# Problem to work on
In the listing below, a line holding "woman picking lavender" and a line holding "San Jorge House" mark the range. Retype both exactly, with all lines between them.

# Material provided
▽
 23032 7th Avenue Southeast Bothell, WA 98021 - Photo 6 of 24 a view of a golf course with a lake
△
▽
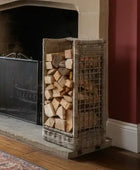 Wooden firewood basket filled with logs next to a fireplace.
△
▽
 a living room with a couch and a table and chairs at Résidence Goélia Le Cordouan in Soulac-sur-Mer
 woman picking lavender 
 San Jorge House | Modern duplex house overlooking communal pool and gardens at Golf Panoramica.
△
# Task result
 woman picking lavender 
 San Jorge House | Modern duplex house overlooking communal pool and gardens at Golf Panoramica.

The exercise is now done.